Method To Generate Chondrocytes from Human Induced Pluripotent Stem Cells (hIPSCs) and their use in Repairing Human Injury and Degenerative Diseases

E-Numbers
E-094-2023-0
Lead Inventor
Robey, Pamela (National Institute of Dental and Craniofacial Research (NIDCR))
Co-Inventors
Gadomski, Stephen
Applications
Therapeutics
Research Materials
Therapeutic Areas
Immunology
Development Stages
Discovery
Research Products
Human iPSC Lines
Human Cell Lines
Lead IC
NIDCR

This technology includes a method for differentiating human induced pluripotent stem cells (hiPSCs) into stable chondrocytes, capable of producing cartilage, and their use in cartilage repair in human injury and degenerative diseases. In suspension culture, hiPSC aggregates demonstrate gene and protein expression patterns similar to articular cartilage. Transplantation of cells from the aggregates into a mouse/rat femoral articular cartilage defect leads to the formation of stable, hyaline-like cartilage that persists for up to 5 months in immunocompromised mice and rats, demonstrating that hiPSC could potentially be used to regenerate cartilage in humans with similar defects. A potential application includes the treatment of osteoarthritis (OA), a disease characterized by the permanent loss of articular cartilage that lines joint surfaces.

Commercial Applications
In vivo long-term transplantation of hIPSC-derived chondrocytes can potentially be used to treat:
  • Injuries: This technology could be used to treat cartilage damage caused by injuries such as sports injuries, falls, and car accidents.

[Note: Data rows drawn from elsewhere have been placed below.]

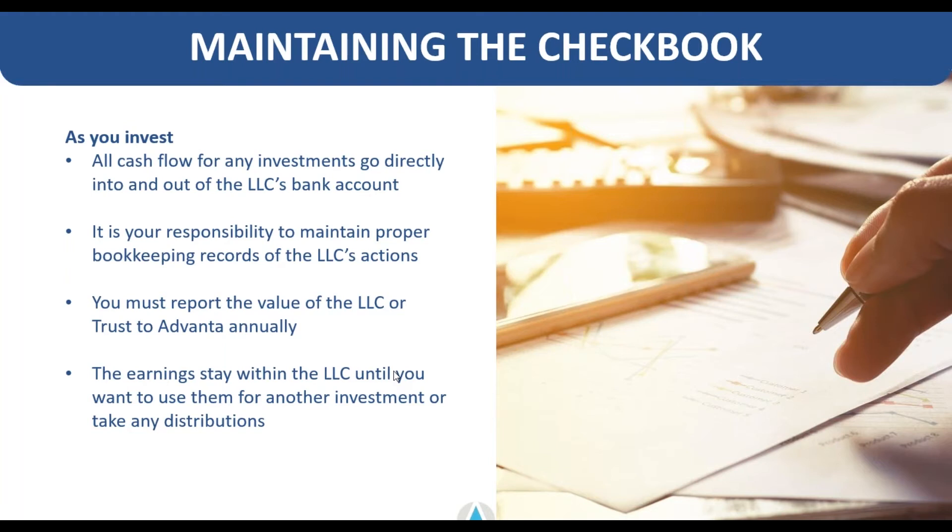Your real reporting for a single member LLC or checkbook IRA is just that you keep your own record keeping and bookkeeping in good standing. You report on what we collect as a fair market valuation form — the value of the LLC or trust — once per year at a minimum. You can do that more often depending on your needs and fee agreement. The earnings stay within the LLC until you're ready to diversify those funds, take distributions, or utilize other investment strategies outside of the LLC.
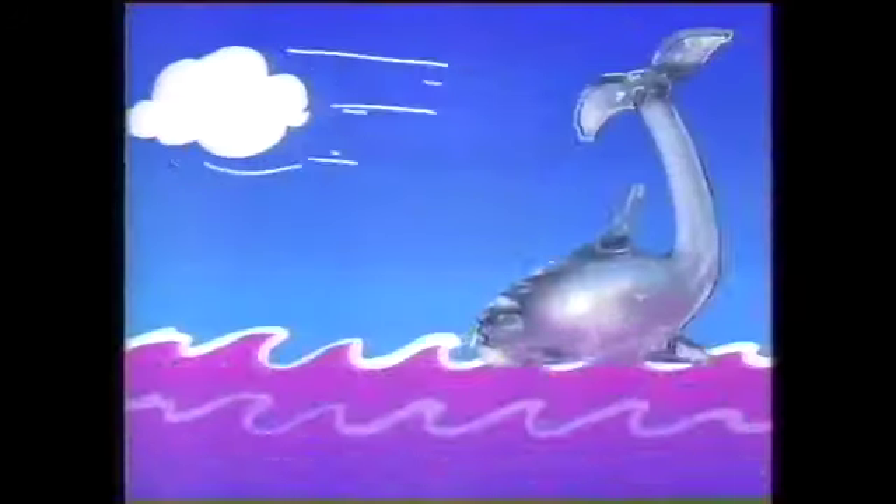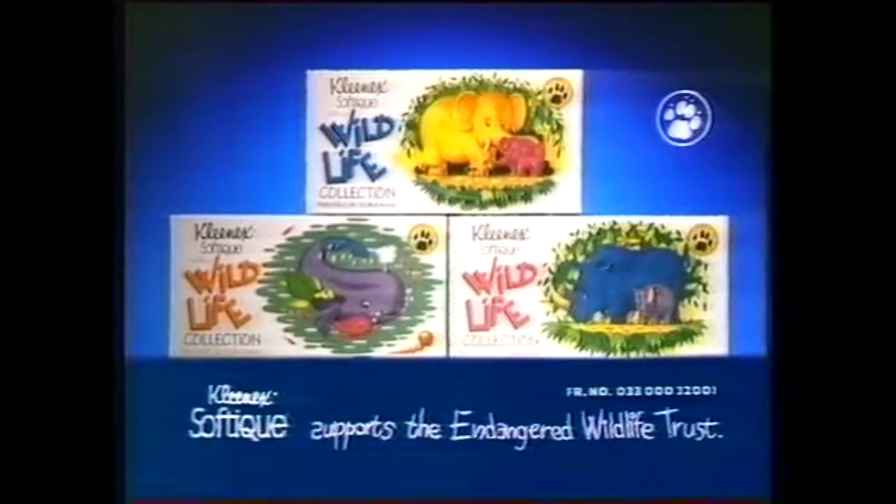One, two, three, four! Get the Kleenex SoftIque Wildlife Collection packs, mum. Thank you.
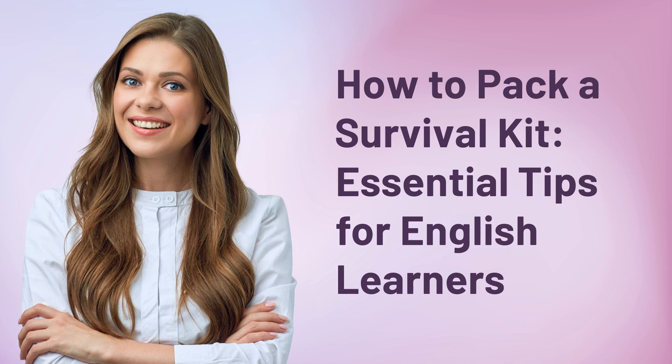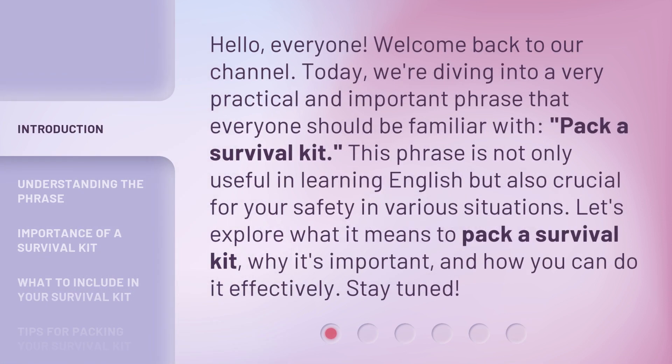How to Pack a Survival Kit — Essential Tips for English Learners. Hello, everyone. Welcome back to our channel. Today, we're diving into a very practical and important phrase that everyone should be familiar with: pack a survival kit. This phrase is not only useful in learning English but also crucial for your safety in various situations. Let's explore what it means to pack a survival kit, why it's important, and how you can do it effectively.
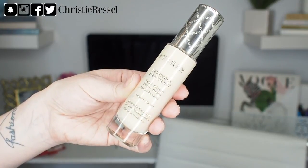The next favorite is actually an empty. It is the By Terry Densiliss Wrinkle Control Serum Foundation. I talked about this briefly back in December in some of my vlogs when I first picked this up and completely finished the bottle. It is a more expensive luxury foundation, but I honestly think it was worth every penny. It's about a medium coverage foundation and it was definitely something you could build if you wanted it to be a little bit more full coverage. It is wrinkle control, and I am starting to get creasing in my face during the day with my foundations.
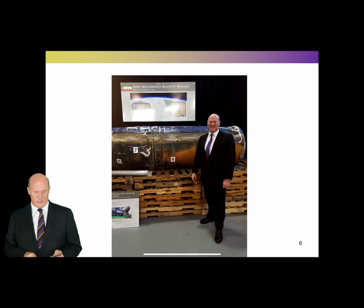This is me with the remnants of one of these Qiyam-Burkhan missiles — the one fired at Riyadh International Airport in 2017. This display was put together for members of the United Nations Security Council. You can see the weld in the missile where it was cut in half and reassembled, and the quality of the weld is quite noticeable. The numbers on the missile correlate with valves that intelligence analysts compared with pictures from military parades and trade shows in Iran, confirming it was indeed the Qiyam missile.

  • Overuse: This technology could be used to treat cartilage damage caused by overuse, such as in athletes and people who have physically demanding jobs.

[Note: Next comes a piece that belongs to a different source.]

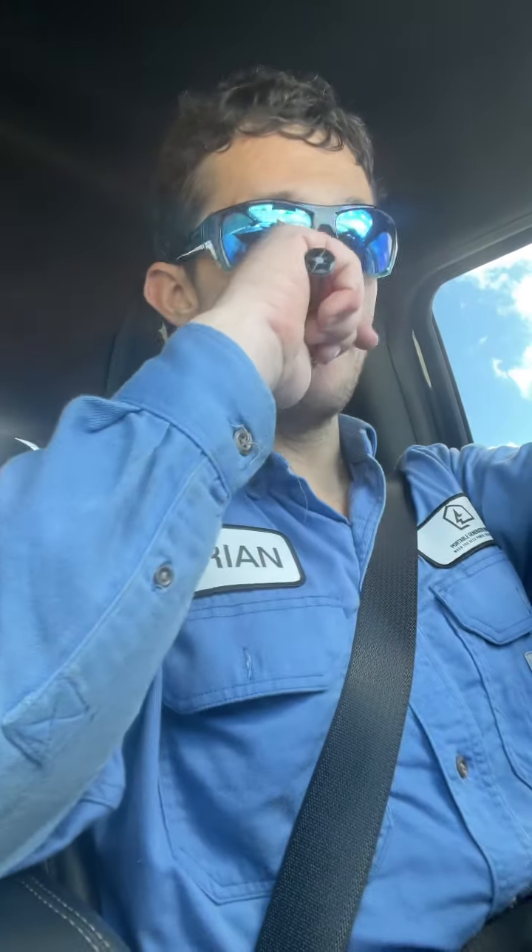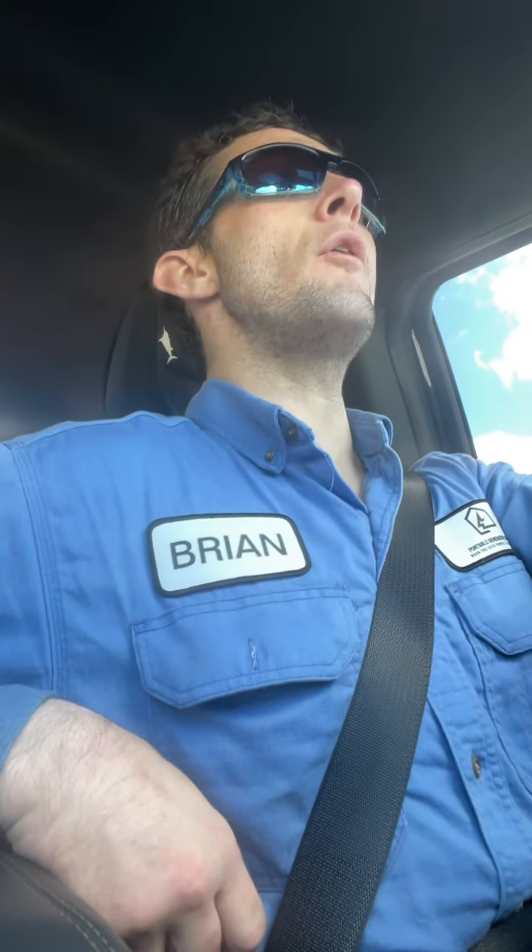Hey guys, it's Brian. I wanted to make a quick video on purchasing a used generator.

  • Diseases: This technology could be used to treat cartilage damage caused by diseases such as osteoarthritis, rheumatoid arthritis, and avascular necrosis.
Competitive Advantages
This technology has the potential to be used to repair a variety of sources of cartilage damage, including damage caused by injury, overuse, and disease. In addition, the method described here produces chondrocytes that are stable when transplanted in vivo, which can potentially effect long-term and significant healing.